Returning to the purpose of models, this is another high-value use case because model quality exceeds human performance. It can catch mistakes that experts make and will provide significant productivity boosts.

Unit Testing

I think we all hope this is a 10/10, but unfortunately, ChatGPT only developed an appropriate unit test in 6/10 cases. It looks like we’re still unable to offload building our own unit tests entirely. I, for one, cried a little bit when I read the results and hope that ChatGPT 4.0 performs better.

However, this is another example of performance that’s sufficient to recommend unit tests for the software engineer’s evaluation. It will deliver productivity gains in this use case.

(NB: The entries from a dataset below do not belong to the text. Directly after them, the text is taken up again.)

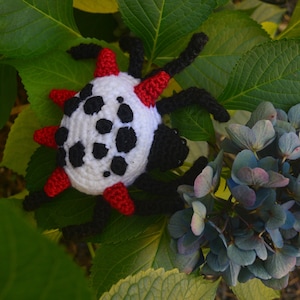May include: A handmade crochet spider toy with a white body, black spots, and red accents. The spider has black legs and is set against a backdrop of green leaves and blue hydrangea flowers. This unique toy is perfect for children.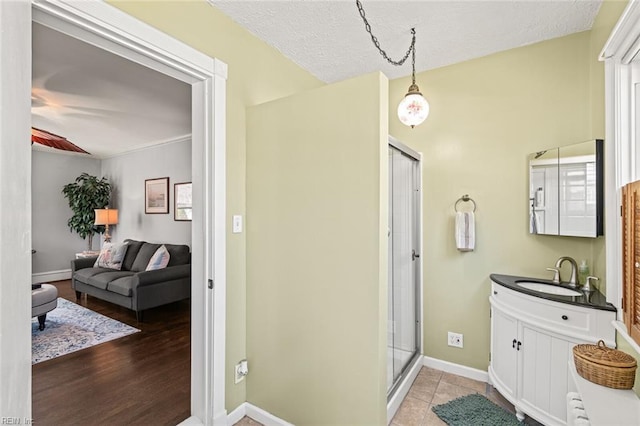 bathroom featuring a textured ceiling, vanity, wood finished floors, a stall shower, and baseboards
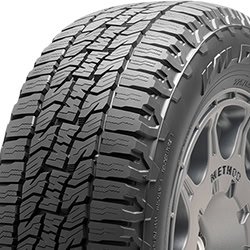 All-terrain tire with rugged tread pattern for durability and traction.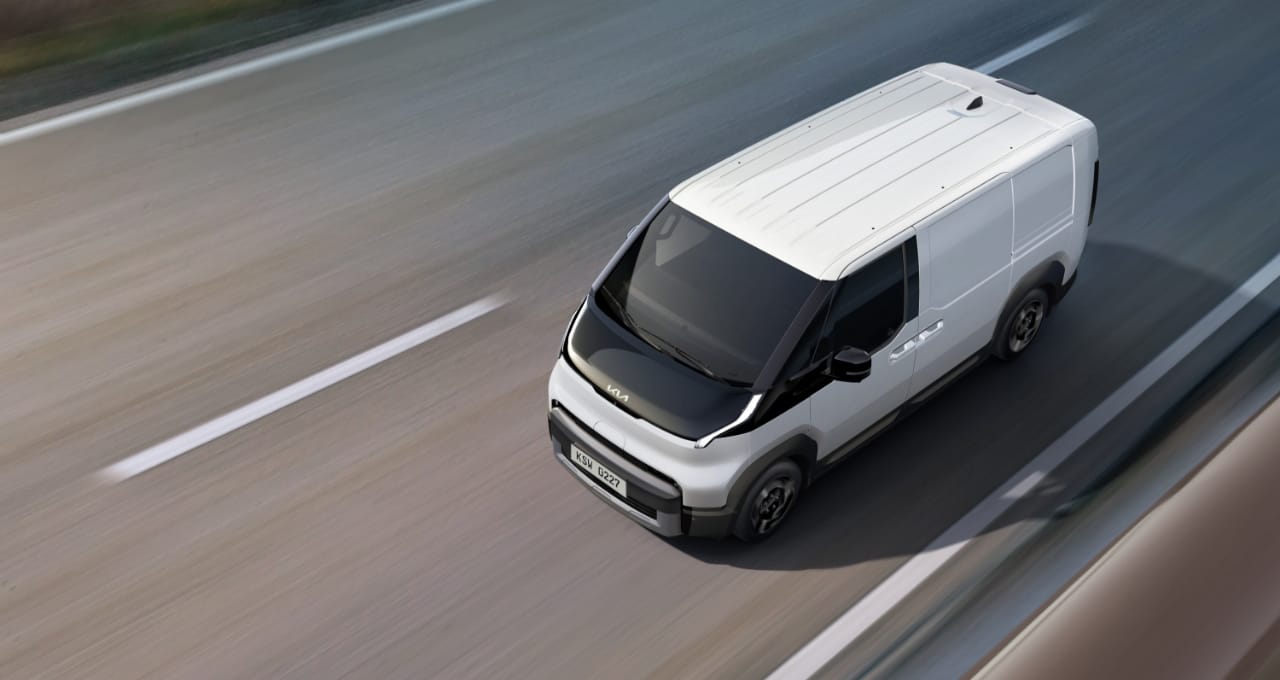 Top view of the Kia PV5 Cargo driving on highway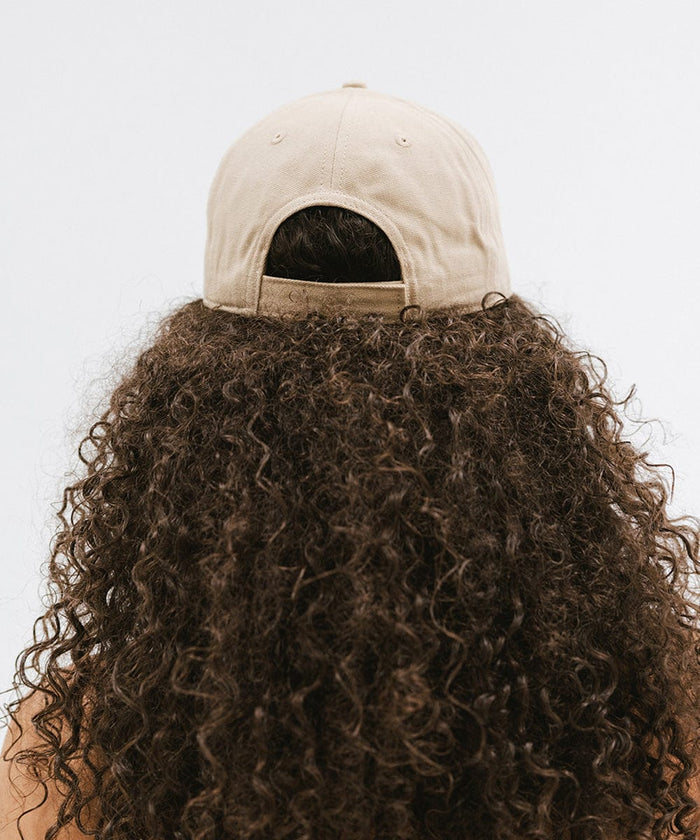Woman with curly hair wearing a tan cap against a plain background  #color_tan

Extract Method Refactoring

They chose a subjective task here, and ChatGPT’s refactors did not match the human versions. However, upon inspection, the authors believe the refactors met their standards for code quality and showed improvement over the original version.

This is another high-value use case and an expensive test to run. Subjective tasks are high-value and require complex validation.

Natural Language Code Search

The authors provided ChatGPT with a text description and code snippet. They asked ChatGPT to tell them if the code satisfied the description. Essentially, the model evaluated what would normally be part of the documentation or comments (ChatGPT gets comments!? Why didn’t I get those when I inherited someone’s leftover spaghetti?) to see if it matched the corresponding code.

It initially scored a 7/10, but the authors again found issues with the questions and labels. After further review, they revised the score to 8 or 9/10. A pattern is emerging. The human-machine teaming paradigm will make software engineers more accurate and reduce errors.

Test Case Prioritization

Watch out, Project Managers and QA Engineers, ChatGPT is coming for your jobs too, but not for a while. ChatGPT could only handle simple prioritization based on past defect discovery, and even then, its reasoning was inaccurate, according to the authors.

LLMs are not very good at decision-making. These models can create task lists, but making decisions with multiple alternatives is currently beyond LLMs’ capabilities. The use case requires a model that can evaluate, predict, and prescribe. Successfully meeting this use case category typically requires multiple models and large training data sets.

Code and Algorithmic Efficiency (AKA LeetCode)

ChatGPT successfully solved all the problems the authors gave it. This use case is another novelty with low value. It plays into ChatGPT’s strengths, and performance will not generalize beyond questions the model has seen before.